Marie died in 2022 after a long period of declining health. While Booth was preparing for her sister’s death, she could not anticipate what happened afterward.

Booth sought the help of probate court attorney Daniel Kalamaro to handle her late sister’s assets. Among those assets was a home in Clayton County, Georgia.

“It’s usually a fairly routine process: gather the assets, gather the debts, identify the creditors and make your disbursements and away you go,” Kalamaro explained. “That did not happen here.”

When Booth tried to sell her sister’s home last year, she learned the house was no longer hers.

County clerk records show Marie’s signature on a deed that transferred the home to a private company, EBA Capital Inc. Marie’s name was signed on April 26, 2022, but she had already been dead for three months, according to her state-certified death certificate.

Real estate attorney James Clifton considers the case a blatantly egregious example of deed theft.

“Unless she’s Lazarus or this company supposedly received the deed from her [or] sent a witness notary to heaven, there is no way this lady could have possibly signed this deed,” Clifton said.

Clifton says deed theft cases are “growing exponentially” in Georgia because there are few state protections.

“What they’re doing to clients like mine is just horrible,” he said.

Georgia law doesn’t require identification when filing property paperwork in a clerk’s office. It also does not require any proof to be shown the person filing the paperwork owns the home, so anyone can file a property deed on a home, WANF reports.

The newly introduced House Bill 888, known as the Georgia Not on My Deed Act, would make photo IDs a requirement.

Clifton and other real estate attorneys say law enforcement is failing to investigate these crimes. They want to see federal resources empowering police or the Georgia Attorney General to prioritize deed theft cases through dedicated task forces.

“We report it to local law enforcement. They tell us there is nothing they can do about it,” Clifton said. “They say it’s a civil matter only, even though there’s forgery, even though there’s fraud, which are crimes.”

WANF visited Marie’s former home. The man on the property would not say why he was at the house and said he was neither the owner nor did he know anything about the private business EBA Capital Inc.

Georgia Secretary of State’s registration shows the business is licensed to Emanuel Clark.

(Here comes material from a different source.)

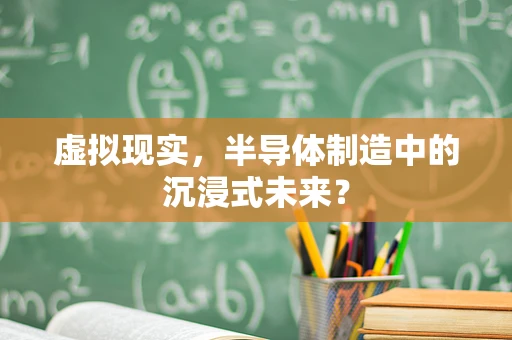 虚拟现实，半导体制造中的沉浸式未来？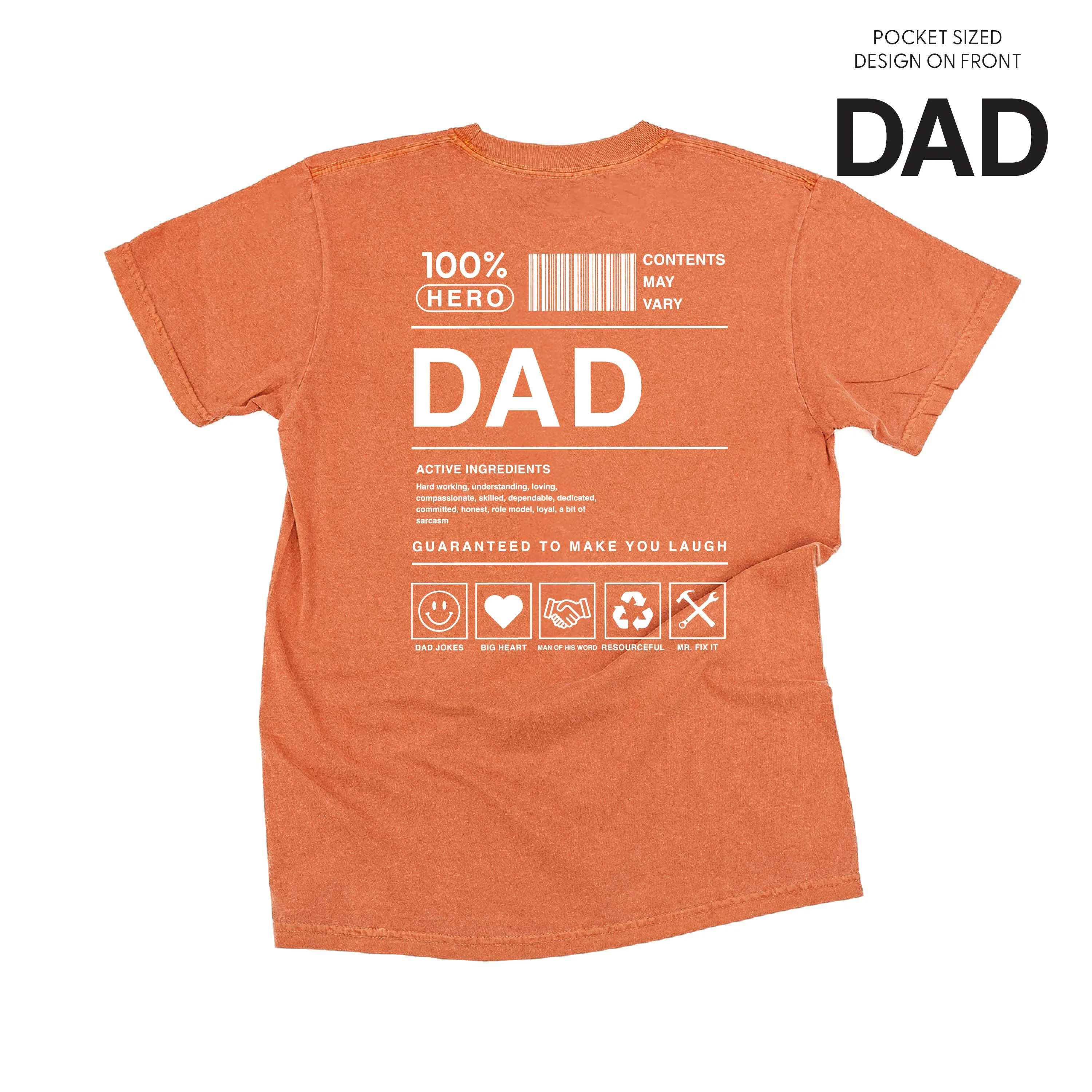 Dad Ingredients - SHORT SLEEVE COMFORT COLORS TEE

Through police reports and a previous tenant, WANF reached out to Clark, who did not respond to texts or calls.

Clayton County police also contacted Clark after Booth’s family filed a police report. A follow-up report shows when an officer got Clark on the phone, he alleged his name was Andre Smith. The report said Clark was asked for identification during the call but did not provide it. As a result, the agency noted it wasn’t pursuing arrest warrants for theft by deception. This happened in September 2023.

Clayton County police told WANF that they were looking into it, but there was “no additional information at this time.”

Booth does not feel like local officials have taken the case seriously, and it’s left her feeling isolated.

“It’s been really hard,” Booth said. “You don’t have anyone to call and say, ‘Am I doing this right? What am I doing with this? How do I do this?’ You’re just by yourself.”